Kanye West, "New Slaves" and a Long Tradition of Locking People Up for Profit
This was cross posted to The Huffington Post.
Projecting his latest music video onto the sides of 66 buildings around the world over the weekend, Kanye West debuted his new song, "New Slaves." He rapped:
I know that we the new slaves...
Meanwhile the DEA, teamed up with the CCA
They tryina lock n---s up, they tryna make new slaves
See that's the privately owned prison, get your piece today
They prolly all in the Hamptons, braggin 'bout what they made
Though he says some troubling things about women (and not just in this song), Kanye is right to call out CCA, the Corrections Corporation of America, for how it 'gets [its] piece' in our national overincarceration epidemic.
They tryina lock n---s up, they tryna make new slaves
Today, there are more African-American adults under correctional control than were enslaved in 1850, before the Civil War.
We have a long tradition of bondage in this country – one that has recurred in various forms, under different names, even after the end of slavery. Take the convict lease system. In the first decades after the Civil War, many freedmen were returned to bondage – in some cases for the same masters who had owned them before the war. How? Vagrancy laws, which were used to sweep up freedmen who left their old plantations for new towns, on the excuse that they arrived without jobs.
More recently, two disturbing trends – the increasing overincarceration of people of color and the rise of a massive immigration detention machinery – have fueled the growth of a new heir to the convict lease system that rakes in billions of dollars a year for CCA and other for-profit prison companies. Over the past forty years, the United States has built up the highest incarceration rate of any country in the world, with over 2.3 million men and women living behind bars. This is a historical anomaly; despite relatively stable incarceration rates earlier in the twentieth century, our prison population grew by 700% between 1970 and 2005, far outpacing both crime and general population growth.
And this overincarceration epidemic has a massive and disproportionate impact on people of color.
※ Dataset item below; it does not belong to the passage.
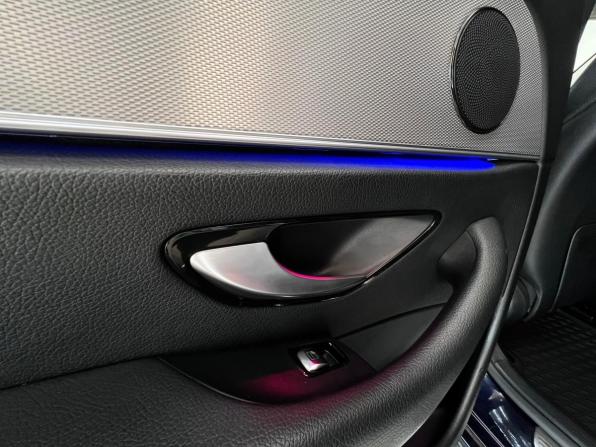 Mercedes-Benz E-Класс V (W213 S213 C238) с пробегом 2017 года, цена 2 750 000 рублей, 163536 км, седан, Автокод Объявления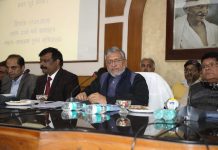 14 वें वित्त आयोग ने 4 वर्षों में बिहार को चार गुना ज्यादा राशि दी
If current trends continue, 1 in 3 Black men born today can expect to serve time behind bars.
Michelle Alexander calls this phenomenon "The New Jim Crow" because it has made the criminal justice system function as a new form of racial caste system, creating a massive underclass of Black and Brown people in this country who are denied voting rights, subject to job discrimination and housing discrimination, because they carry the label of "criminal." That "criminal" label obscures the underlying racial and economic realities. When a person is so branded, it becomes politically and socially acceptable – even desirable – to deny that person rights that politicians would not dare deny on the basis of race.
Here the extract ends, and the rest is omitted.